Or take Maxwell, where growers stopped fighting the requirements of the federal Endangered Species Act and started a Sacramento Valley project to install screens at the end of irrigation pipes that are helping to increase the river’s salmon runs. Or Modesto and Turlock, which are closing in on plans to pump treated wastewater to irrigate Central Valley farms and orchards in Patterson. Or the western side of the Klamath Mountains on the North Coast, where tribes and communities are working together on controlled burns to thin forests that are fueling monstrous wildfires.
Now here’s the requisite paragraph that admits that California is no Eden. Residents are all too aware of the crowded living conditions in a state that has twice as many people as it did in the mid-1970s. Some communities on the east side of the Central Valley don’t have running water. In Los Angeles County, a natural gas leak spewed tens of thousands of tons of methane into the atmosphere for months before it was stopped up. Residents everywhere recoil at real estate prices and the cost of living. Earthquakes are an ever-present hazard. Wildfires are a menace. The gulf between the rich elite and the struggling working class is as wide as it is in any state.
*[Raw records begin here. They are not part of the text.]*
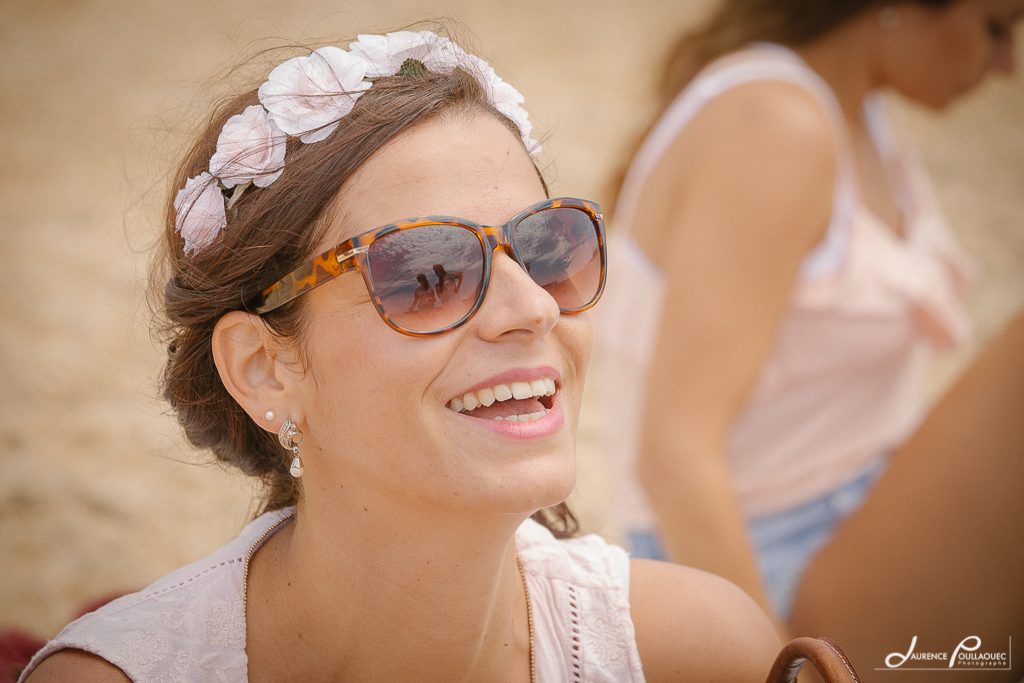 evjf portrait amie plage tarnos landes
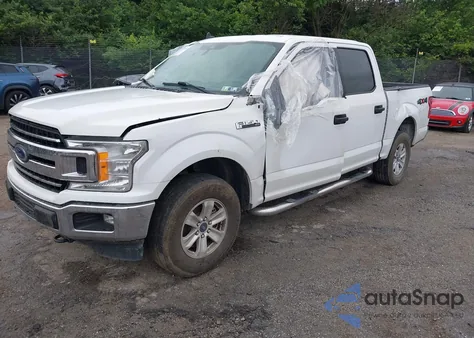 2020 Ford F-150 Xlt z USA, uszkodzony, nr VIN 1FTEW1E58LFA21274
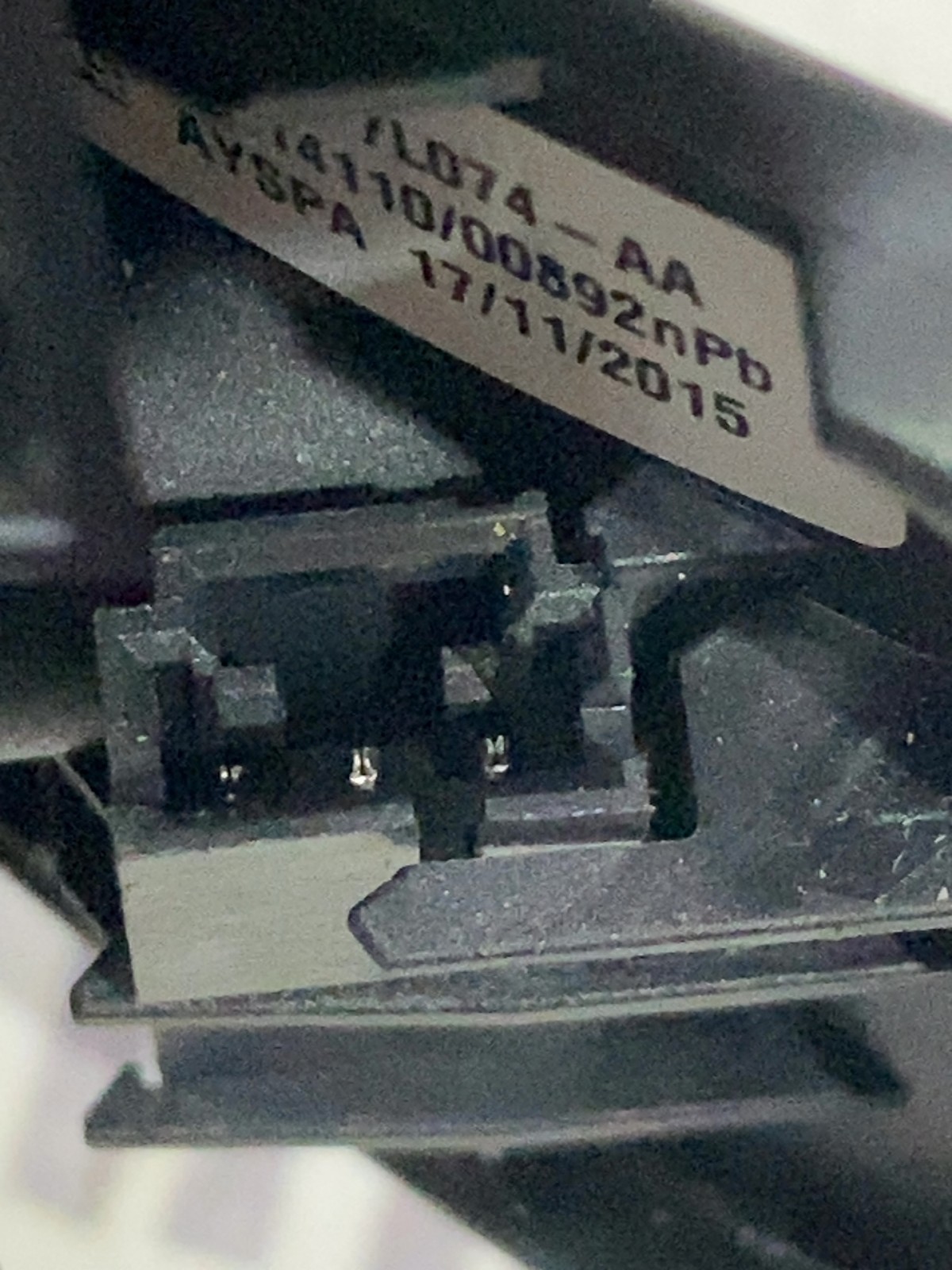 Кнопки керма Range Rover Evoque 1 OEM GJ3M3F563KA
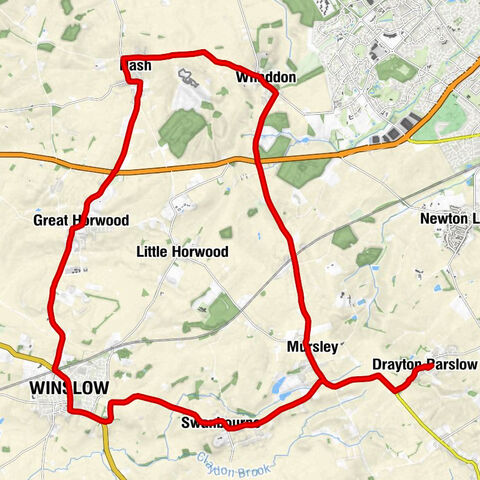 Drayton Parslow - Drayton Parslow: Holy Trinity - All Saints - Saint Swithun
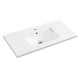 Topmount Bathroom Ceramic Basin 000 3618BT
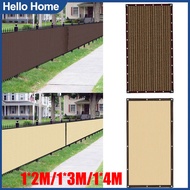 Sun Shade Net 95% Anti UV Balcony Privacy Shade Fence Netting Garden Awning Canopy Backyard Sunshade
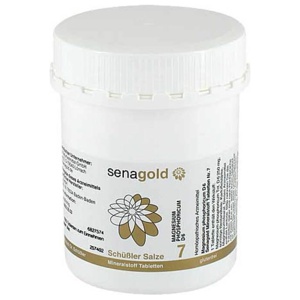 BIOCHEMIE Senagold 7 Magnesium phosphoric.D 6 Tab. Produktbild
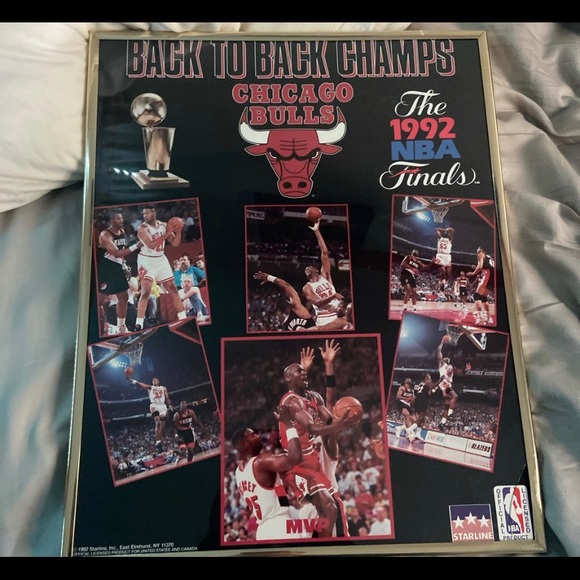 Other - Michael Jordan Chicago Bulls 1992 Poster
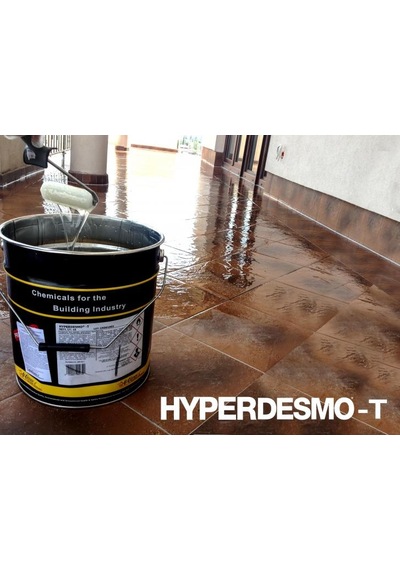 Hyperdesmo T Şeffaf 4 Kğ Poliürtan Su Yalıtımı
In a time of immense grumpiness and cynicism, the list of complaints and criticisms is endless.
In any given year, Californians confront real emergencies—dangerous floods, wildfires, earthquakes, drought. The twenty-first century has added intense heat, sea level rise, and a plague of Sierra forest-killing beetles to the list. Perhaps because Californians exist in a perpetual state of precarity, they have been more willing than many to respond proactively to new environmental threats and challenges visible on the horizon.
A series of remarkably astute and aggressive measures approved by Democratic and Republican lawmakers in Sacramento has systematically formed a model for dealing with Earth’s new conditions, and it is proving to be effective. Among the most significant measures:
A 2002 statute to require sharp reductions in climate-changing emissions in vehicles, which account for 40 percent of greenhouse gases.
A 2005 executive order that mandates a 20 percent cut in climate emissions from all sources from 1990 levels by 2020, principally by encouraging the development of new buildings that are efficient enough and generate enough of their own power to achieve “net zero” energy use.
A 2006 statute that established market tools and new regulations to cut climate emissions 25 percent from 1990 levels by 2020, and 80 percent by 2050.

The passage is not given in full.